Available data Block Start
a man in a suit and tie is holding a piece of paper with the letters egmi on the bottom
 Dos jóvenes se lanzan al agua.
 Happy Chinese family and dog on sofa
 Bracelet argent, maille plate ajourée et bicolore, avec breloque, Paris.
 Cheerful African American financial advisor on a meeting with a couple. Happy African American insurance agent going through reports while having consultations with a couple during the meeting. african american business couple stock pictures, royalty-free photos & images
Available data Block End
## What the task requires
Find the string "Happy" in the material above, and report every line where it occurs.

## Result of this exercise
 Happy Chinese family and dog on sofa
 Cheerful African American financial advisor on a meeting with a couple. Happy African American insurance agent going through reports while having consultations with a couple during the meeting. african american business couple stock pictures, royalty-free photos & images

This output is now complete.